### Task details
All of the data is to be printed exactly, though the images must be left off.

### Dataset excerpt
____

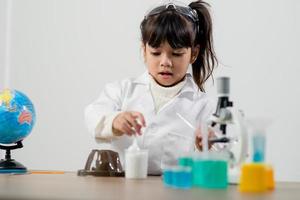 concept d'éducation, de science, de chimie et d'enfants - enfants ou étudiants avec expérience de fabrication de tubes à essai au laboratoire de l'école photo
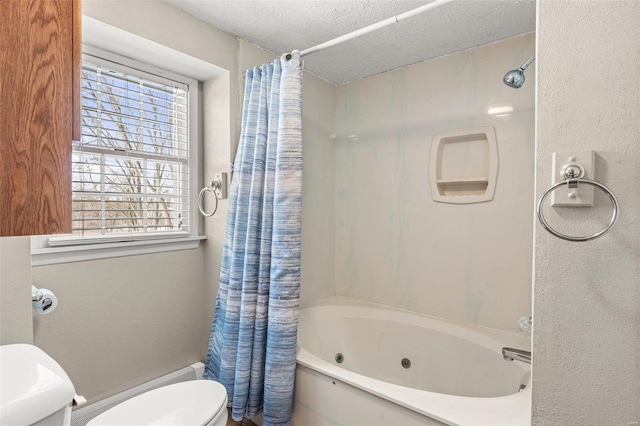 full bathroom with a combined bath / shower with jetted tub, a textured wall, a textured ceiling, and toilet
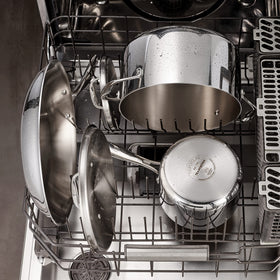 Dishwasher-safe Tramontina tri-ply frying pan ready for easy cleanup after cooking.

____

### Answer space
 concept d'éducation, de science, de chimie et d'enfants - enfants ou étudiants avec expérience de fabrication de tubes à essai au laboratoire de l'école photo
 full bathroom with a combined bath / shower with jetted tub, a textured wall, a textured ceiling, and toilet
 Dishwasher-safe Tramontina tri-ply frying pan ready for easy cleanup after cooking.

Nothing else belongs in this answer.